(Brief descriptive captions)
______________________________

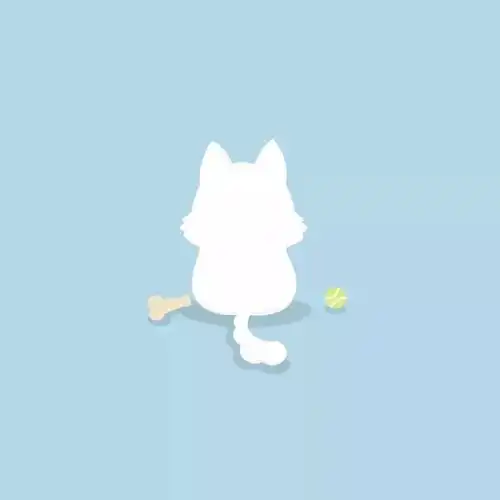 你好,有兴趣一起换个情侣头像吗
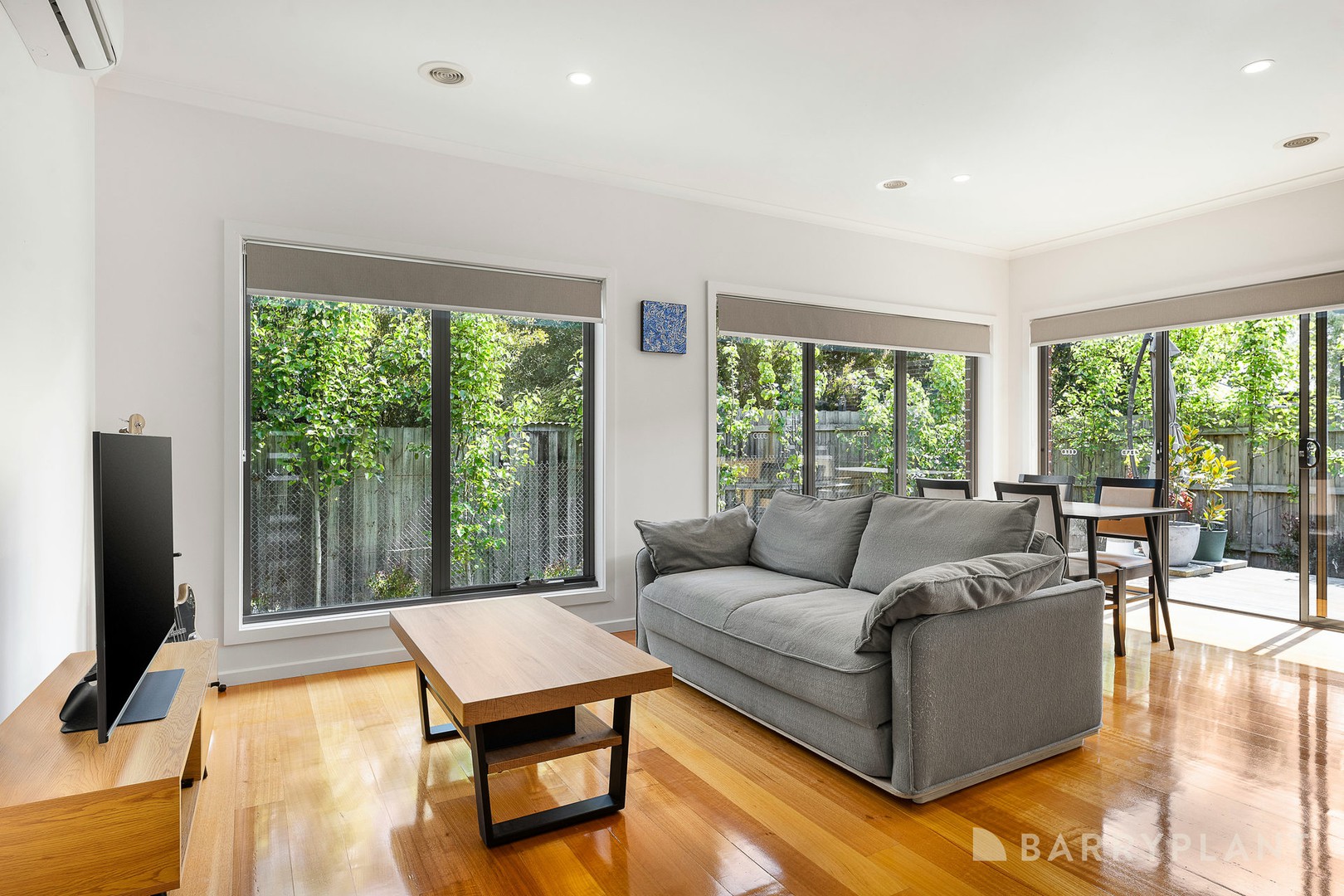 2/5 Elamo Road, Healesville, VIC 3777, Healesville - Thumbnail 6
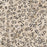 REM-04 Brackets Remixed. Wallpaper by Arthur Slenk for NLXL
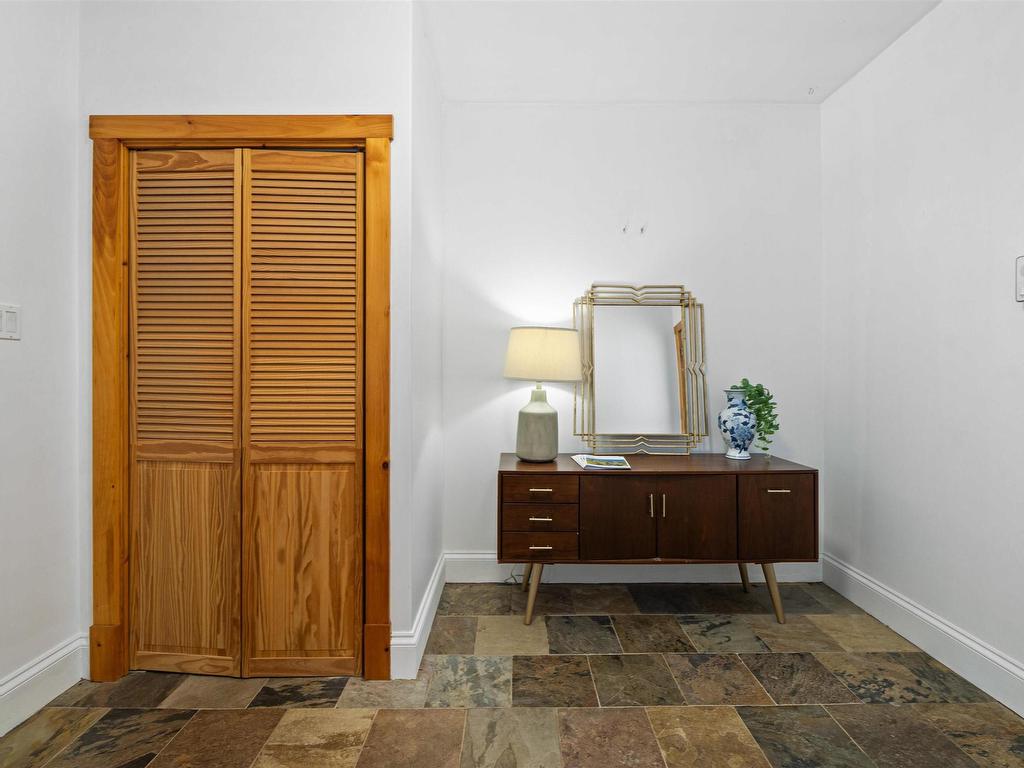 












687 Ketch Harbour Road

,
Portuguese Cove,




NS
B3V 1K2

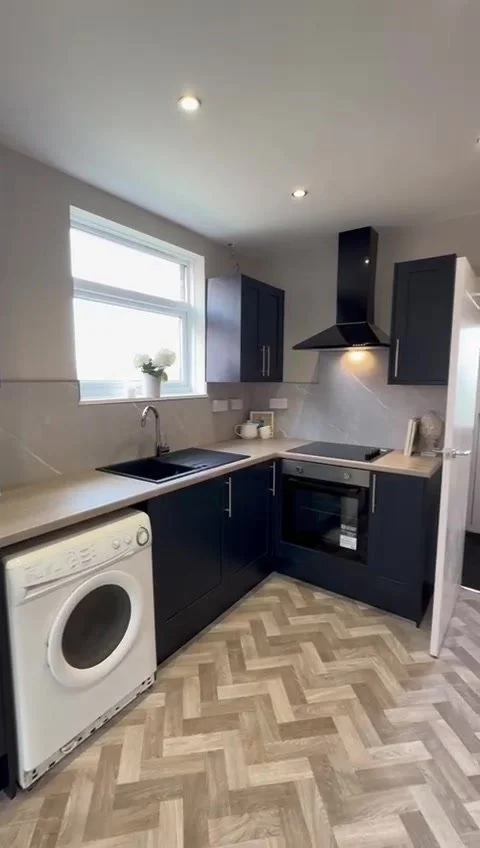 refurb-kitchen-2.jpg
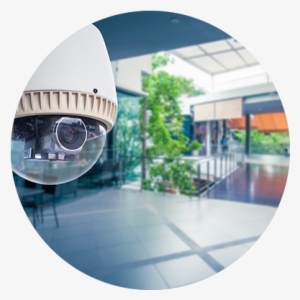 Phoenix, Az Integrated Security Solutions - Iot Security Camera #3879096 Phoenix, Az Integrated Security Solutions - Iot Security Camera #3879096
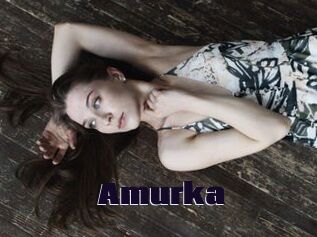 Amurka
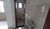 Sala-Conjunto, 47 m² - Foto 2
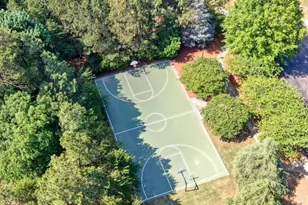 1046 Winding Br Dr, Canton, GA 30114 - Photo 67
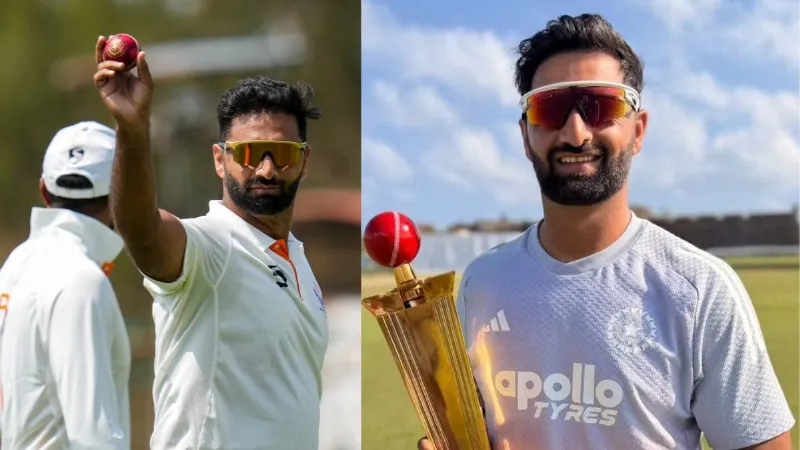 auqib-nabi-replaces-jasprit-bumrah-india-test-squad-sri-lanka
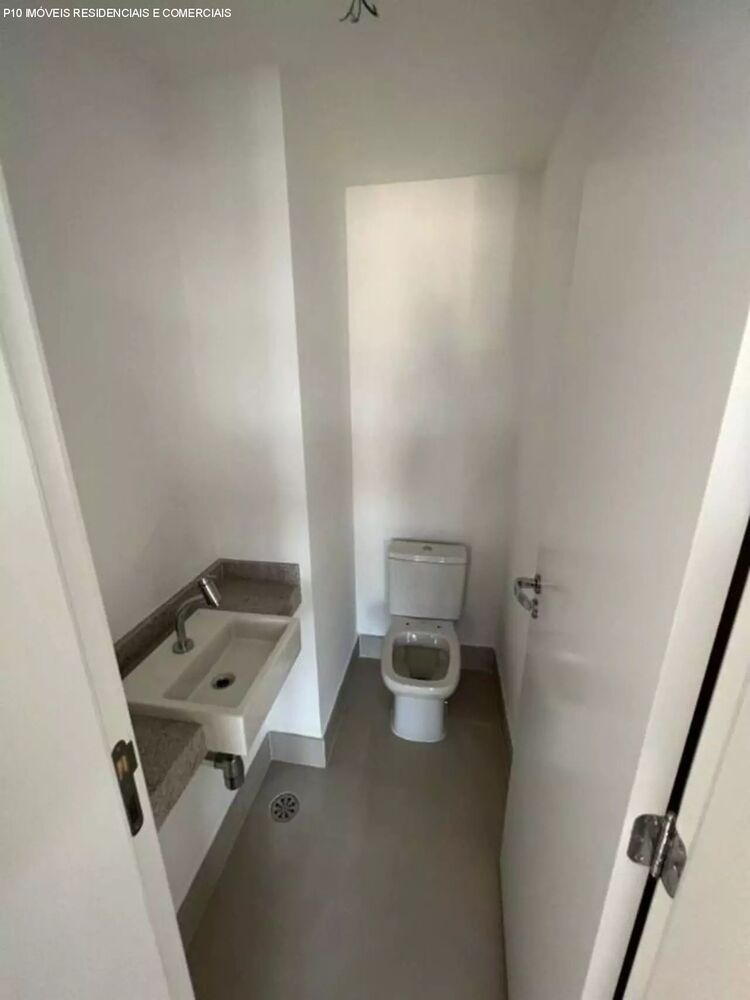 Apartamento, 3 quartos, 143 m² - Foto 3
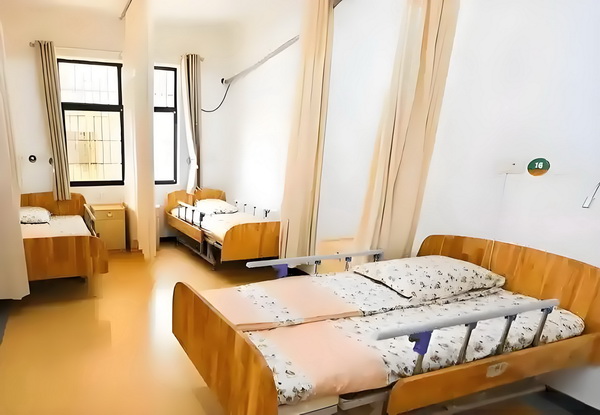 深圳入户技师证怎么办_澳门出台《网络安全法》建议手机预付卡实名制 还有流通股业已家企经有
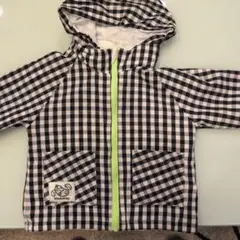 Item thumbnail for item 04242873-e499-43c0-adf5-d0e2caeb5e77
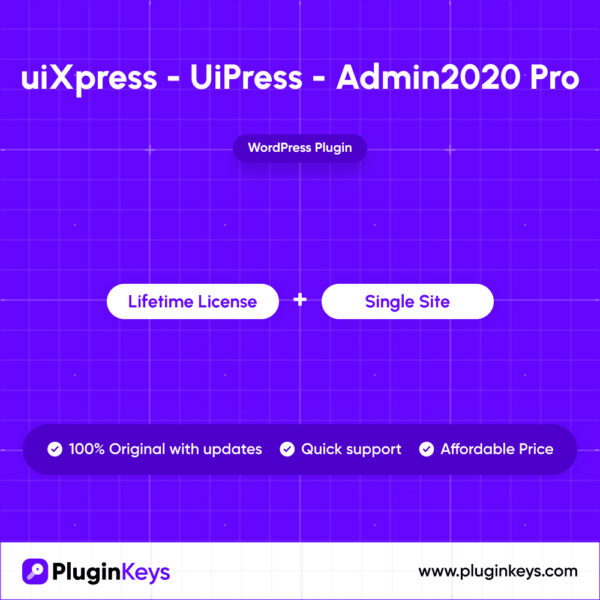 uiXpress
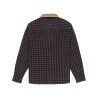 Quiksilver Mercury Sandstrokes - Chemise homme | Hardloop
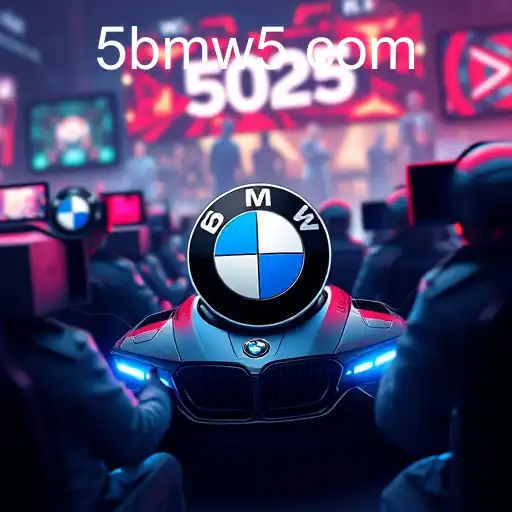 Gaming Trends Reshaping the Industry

______________________________

▶ [Problem description] The lines to repeat start at the one holding "687 Ketch Harbour Road" and run through the last line of the records above; write them out exactly, both ends included, but not the pictures.

▶ [Solution to this task]
687 Ketch Harbour Road

,
Portuguese Cove,




NS
B3V 1K2

 refurb-kitchen-2.jpg
 Phoenix, Az Integrated Security Solutions - Iot Security Camera #3879096 Phoenix, Az Integrated Security Solutions - Iot Security Camera #3879096
 Amurka
 Sala-Conjunto, 47 m² - Foto 2
 1046 Winding Br Dr, Canton, GA 30114 - Photo 67
 auqib-nabi-replaces-jasprit-bumrah-india-test-squad-sri-lanka
 Apartamento, 3 quartos, 143 m² - Foto 3
 深圳入户技师证怎么办_澳门出台《网络安全法》建议手机预付卡实名制 还有流通股业已家企经有
 Item thumbnail for item 04242873-e499-43c0-adf5-d0e2caeb5e77
 uiXpress
 Quiksilver Mercury Sandstrokes - Chemise homme | Hardloop
 Gaming Trends Reshaping the Industry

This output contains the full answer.